I read this article on Language-Oriented Programming. He points out some weaknesses in the modern procedural/OOP approaches to programming, and suggests a new programming paradigm that will solve them

I am all for small, loosely coupled program parts: It is much better to learn a lot of small things, all of which you will use, than a couple of big things, that you only use bits and pieces of.

Reading the article, I got the impression that the author was promoting one of two things:

  • A multitude of easily creatable scripting languages
  • A single, easily extensible language that can rewrite itself to meet the programmer's needs

If he is suggesting the second, I would reply with "Already been done!" and give Lisp as an example.

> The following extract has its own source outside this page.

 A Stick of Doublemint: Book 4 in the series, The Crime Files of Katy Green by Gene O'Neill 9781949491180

As Paul Graham suggests, languages seem to be continually moving toward this anyway.

As far as the first is concerned, I think this is a good idea, if there is an underlying language that ties them all together. That seems to me to be the weak spot: communication between the languages. Would you use calls, which is a procedural concept or message-passing, which reminds me of interprocess communication? I would welcome the opportunity to work with small domain specific languages, if it's easy to use them all at the same time. Would this approach (LOP) be practical?

Best Answer

I've been advocating DSLs for a long time, but I worry about what happens to Good Ideas when they become bandwagons. Products get built that advertise The Good Idea, promising all you have to do is get one, and you'll be in the in-group, without having to think very carefully about what it means.

What is a language? It's a vocabulary and syntax in which meanings can be communicated, right? Every time you declare a variable, write a function, define a class, you are building a new language, by adding nouns and verbs to an existing language. Now you can say things in it that you couldn't before.

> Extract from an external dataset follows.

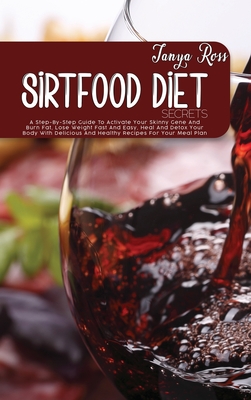 Sirtfood Diet Secrets: A Step-By-Step Guide To Activate Your Skinny Gene And Burn Fat, Lose Weight Fast And Easy, Heal And Detox Your Body With Delicious And Healthy Recipes For Your Meal Plan - Ross, Tanya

I think what makes a language Domain Specific is the extent to which it naturally expresses the mental concepts that are being communicated, and I think there's a simple measure of that. Basically, if there is a simple independent stand-alone requirement X, that could be included in the program or not, its correct implementation requires some set of code insertions, deletions, and replacements Y. A simple before-and-after diff can display Y. The number N of such changes is a measure of how domain-specific the language is. The smaller N is, for typical requirements, the better.

It doesn't necessarily depend on fancy syntax, control structures, message-passing, or what have you. What it depends on is how concisely it implements the requirement. Many tools will claim to do this, but claims are not actuality. It has to be real.

Sometimes an unusual technology is necessary. Here's my favorite example. When it is, it illustrates the point that it may require effort on the part of programmers to understand it. So domain-specificity (and maintainability) is not at all the same thing as readability.

So I agree with the second approach, that a good language is one that easily lets one build the necessary languages on top of it. (That's what I liked about Lisp.) But even more important is programmers need to know how to build languages to match the domains they are working in, and be willing to climb the learning curves of such languages.

I don't really see that happening. Instead they are stuck in the "programs = algorithms + data structure", or "nouns become classes and verbs become methods" turn-the-crank modes of thinking. They are not working in terms of how to take thought domains and linguify them for maximum concision.